(Excerpts from a dataset)
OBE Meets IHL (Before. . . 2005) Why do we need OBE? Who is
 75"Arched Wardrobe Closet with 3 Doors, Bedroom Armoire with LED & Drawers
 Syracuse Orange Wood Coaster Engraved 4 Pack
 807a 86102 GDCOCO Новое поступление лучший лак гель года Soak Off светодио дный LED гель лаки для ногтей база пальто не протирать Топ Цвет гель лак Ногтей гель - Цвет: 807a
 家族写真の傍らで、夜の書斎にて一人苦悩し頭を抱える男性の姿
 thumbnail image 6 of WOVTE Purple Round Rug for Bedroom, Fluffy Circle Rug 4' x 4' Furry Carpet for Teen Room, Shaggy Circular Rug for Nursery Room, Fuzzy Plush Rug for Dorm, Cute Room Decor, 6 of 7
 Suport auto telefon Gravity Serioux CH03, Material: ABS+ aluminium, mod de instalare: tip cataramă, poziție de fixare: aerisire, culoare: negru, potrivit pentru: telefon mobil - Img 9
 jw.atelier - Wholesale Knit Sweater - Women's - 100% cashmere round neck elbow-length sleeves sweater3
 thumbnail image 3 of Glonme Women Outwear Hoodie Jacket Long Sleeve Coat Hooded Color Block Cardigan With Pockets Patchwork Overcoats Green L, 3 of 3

◆ **YOUR GOAL**: All lines from the opening of the records through the line where "家族写真の傍らで、夜の書斎にて一人苦悩し頭を抱える男性の姿" occurs are to be output verbatim. No other line belongs in the answer.

◆ **ANSWER SECTION**:
OBE Meets IHL (Before. . . 2005) Why do we need OBE? Who is
 75"Arched Wardrobe Closet with 3 Doors, Bedroom Armoire with LED & Drawers
 Syracuse Orange Wood Coaster Engraved 4 Pack
 807a 86102 GDCOCO Новое поступление лучший лак гель года Soak Off светодио дный LED гель лаки для ногтей база пальто не протирать Топ Цвет гель лак Ногтей гель - Цвет: 807a
 家族写真の傍らで、夜の書斎にて一人苦悩し頭を抱える男性の姿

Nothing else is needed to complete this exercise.